Why not use a common git server? Why not use a dedicated backup solution? Many backup apps can store backups to Dropbox if that's what you want.
Myself, when I'm at home, I just check out the project on my desktop, use SSHFS to mount it on my laptop, edit it on my laptop or desktop as needed, and have an SSH window open from my laptop to my desktop for doing things like running npm (because that'd be way too slow if I ran it from the laptop and depended on SSHFS to sync it.)
If X11 or RDP was snappier, I'd just use my laptop as a thin client, but it's not, so I'm stuck with figuring out multi-master realtime source-code tree sync.
A similar problem obtains when using VMs, but at least there, there isn't the requirement that I have the ability to run a GUI text editor in the VM that sees changes I make outside the VM quickly enough to be unnoticeable.
There are options for not syncing some files, for how to resolve conflicts, etc.
But for personal projects I use syncthing, which supports .stignore, gives you versioning options, and most importantly doesn't randomly revert your files back to a previous version because of clock drift.
basically, use FUSE to create an alternative view of your filesytem, but that fuse layer will also exclude certain files matching a regex.
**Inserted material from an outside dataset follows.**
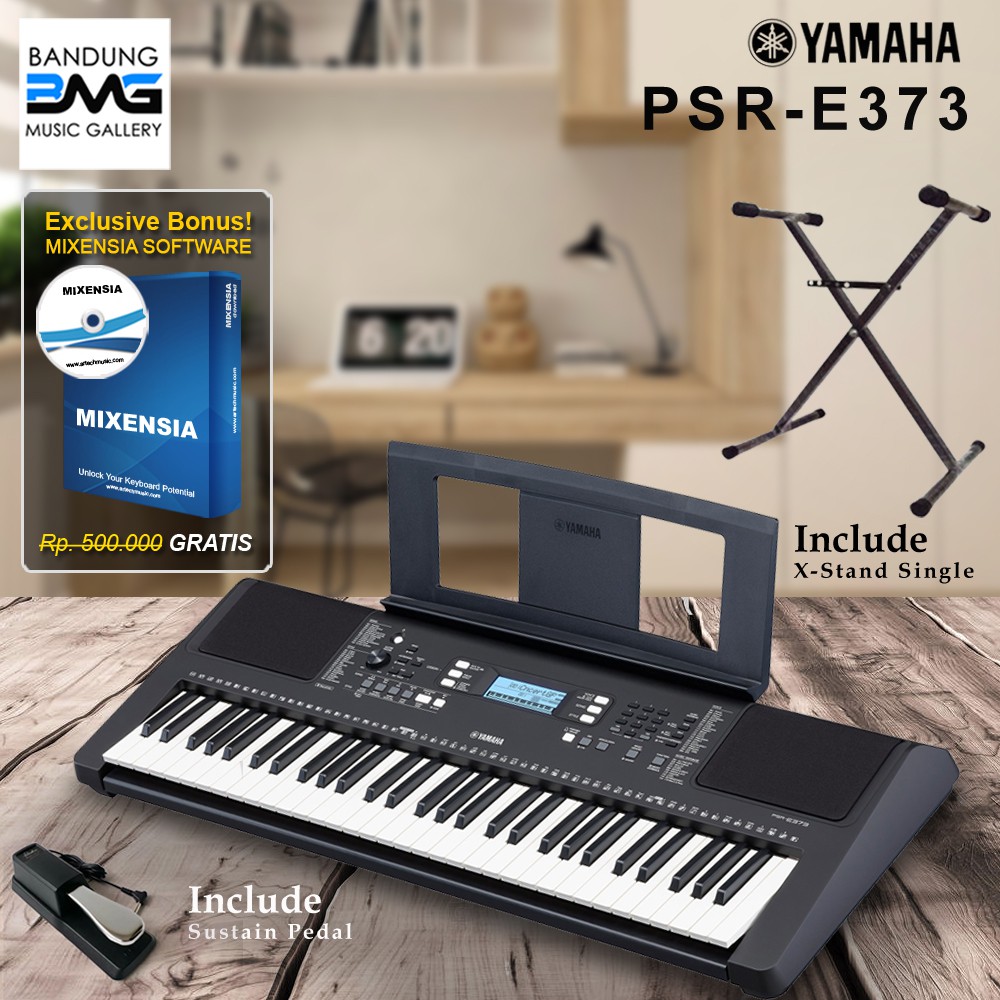Yamaha PSR E373 Keyboard + Stand + Sustain Pedal / PSRE373 / PSR E 373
Only the FUSE view into your files should put in the Dropbox folder and synced. This particular fuse setup is read-only which was fine for my purposes, but you might need an alternative which allows write access for Dropbox.
> To peek at personal data
How is this a concern when that is the purpose of the company's software?
I think you are confusing dropbox for something else?
In fact I think dropbox would be a horrible backup solution! Don't use it for backup or you will be disappointed.
(Not saying you're wrong)
They provide storage to lots of individuals, but that isn't really where they are trying to grow their business.
If you read further into the article, they did exactly what you suggested to train their own system:
"A corpus with words to use...A collection of fonts for drawing the words...A set of geometric and photometric transformations meant to simulate real world distortions...The generation algorithm simply samples from each of these to create a unique training example."